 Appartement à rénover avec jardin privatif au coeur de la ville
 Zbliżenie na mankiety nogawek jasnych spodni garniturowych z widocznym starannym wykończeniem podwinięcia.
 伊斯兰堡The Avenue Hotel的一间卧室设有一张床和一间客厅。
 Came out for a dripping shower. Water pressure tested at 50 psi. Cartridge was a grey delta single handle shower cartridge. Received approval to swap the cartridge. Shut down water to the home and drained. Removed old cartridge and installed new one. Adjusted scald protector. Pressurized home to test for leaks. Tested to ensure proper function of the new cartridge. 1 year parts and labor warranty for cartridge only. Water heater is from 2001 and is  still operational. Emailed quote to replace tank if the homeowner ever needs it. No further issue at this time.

---

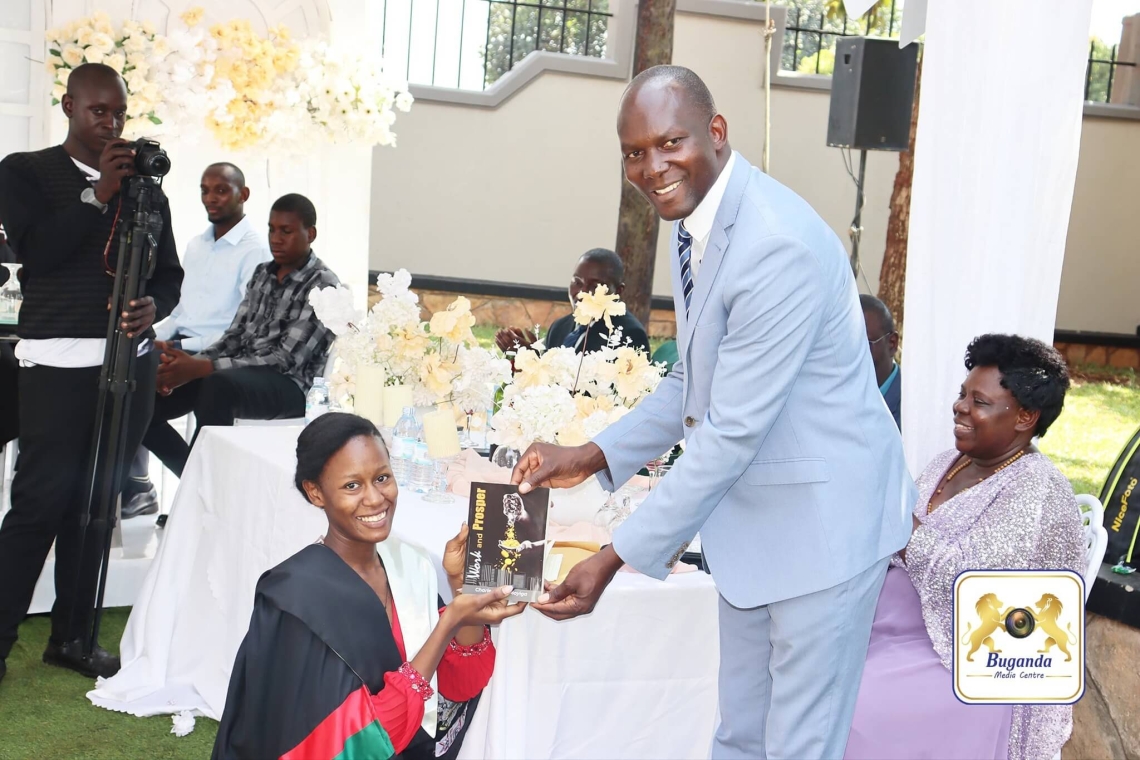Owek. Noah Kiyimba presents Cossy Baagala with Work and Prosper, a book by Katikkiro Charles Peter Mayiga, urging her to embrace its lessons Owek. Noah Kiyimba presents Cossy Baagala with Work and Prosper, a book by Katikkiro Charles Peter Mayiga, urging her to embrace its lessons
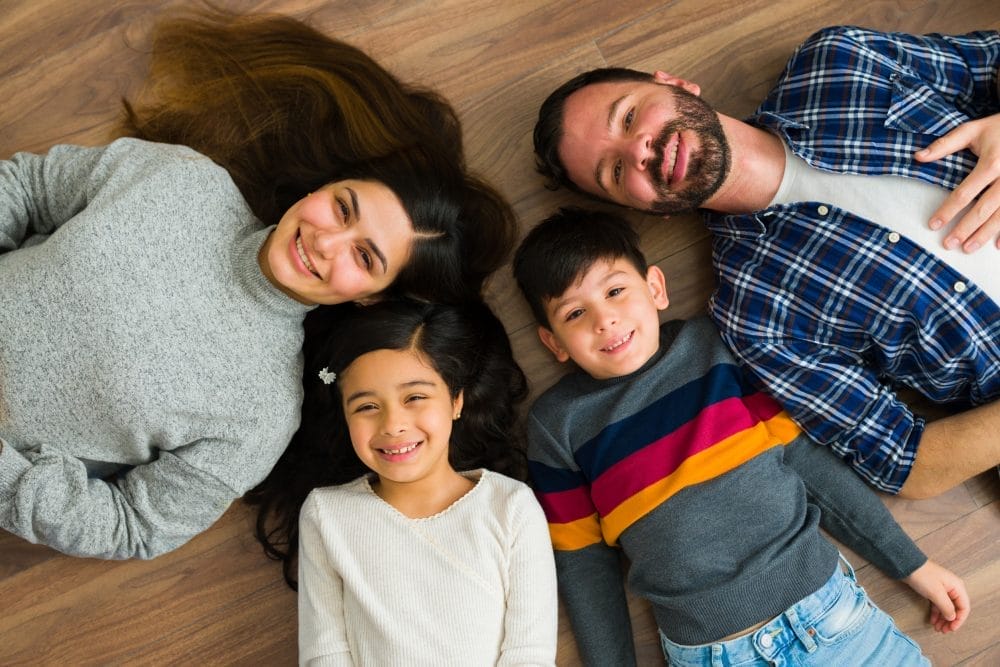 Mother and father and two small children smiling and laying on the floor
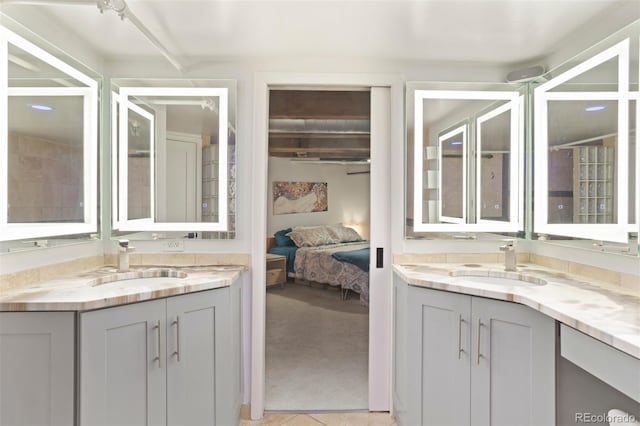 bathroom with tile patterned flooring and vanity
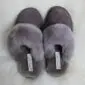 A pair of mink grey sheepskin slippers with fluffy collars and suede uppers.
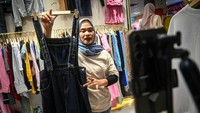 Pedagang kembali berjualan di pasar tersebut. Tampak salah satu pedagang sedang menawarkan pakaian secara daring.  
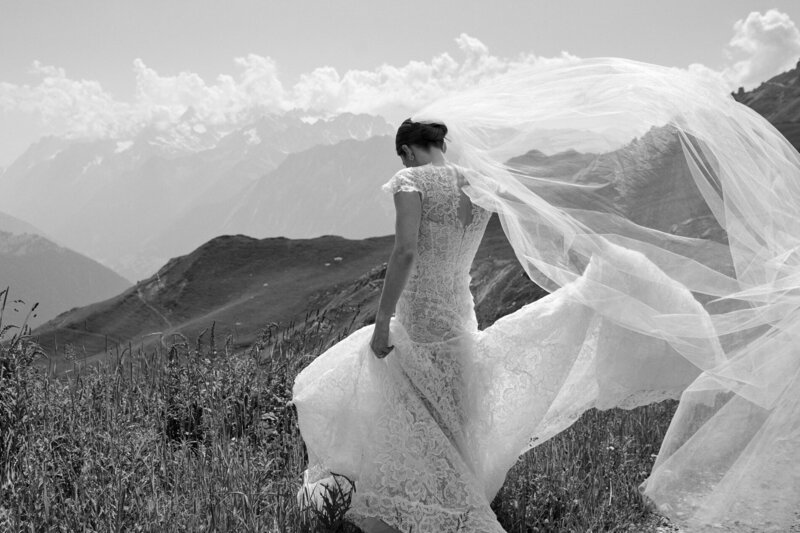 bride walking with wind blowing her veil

---

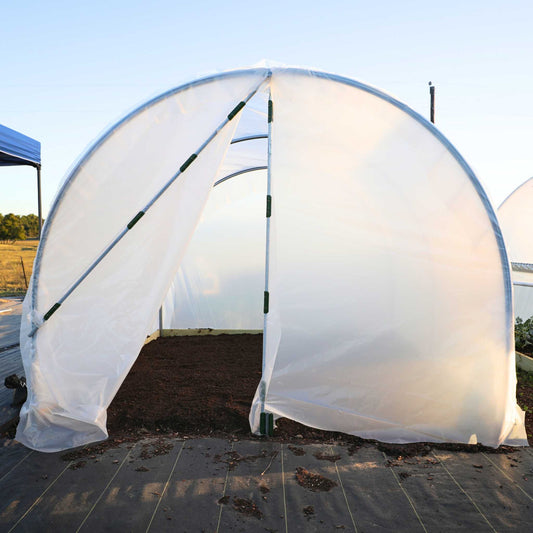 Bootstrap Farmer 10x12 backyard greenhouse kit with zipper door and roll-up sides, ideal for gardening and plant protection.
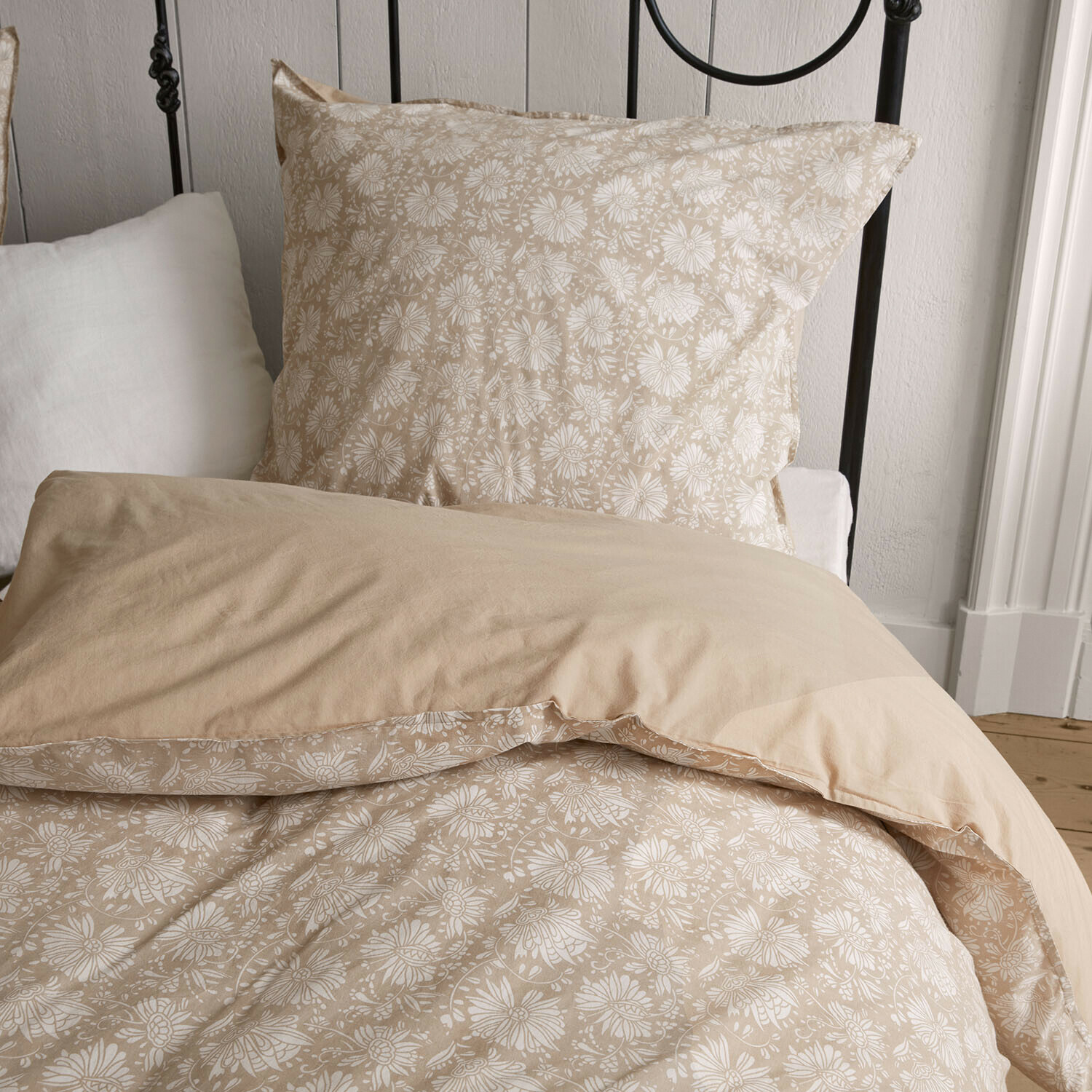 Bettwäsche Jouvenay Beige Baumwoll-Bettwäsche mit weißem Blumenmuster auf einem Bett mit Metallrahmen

*ABOUT THIS TASK*. All that should be written out is the stretch of lines above between the one holding "Appartement à rénover" and the one holding "伊斯兰堡The Avenue Hotel的一间卧室设有一张床和一间客厅。", inclusive, exactly as given.

*ANSWER TO THIS PROBLEM*.
 Appartement à rénover avec jardin privatif au coeur de la ville
 Zbliżenie na mankiety nogawek jasnych spodni garniturowych z widocznym starannym wykończeniem podwinięcia.
 伊斯兰堡The Avenue Hotel的一间卧室设有一张床和一间客厅。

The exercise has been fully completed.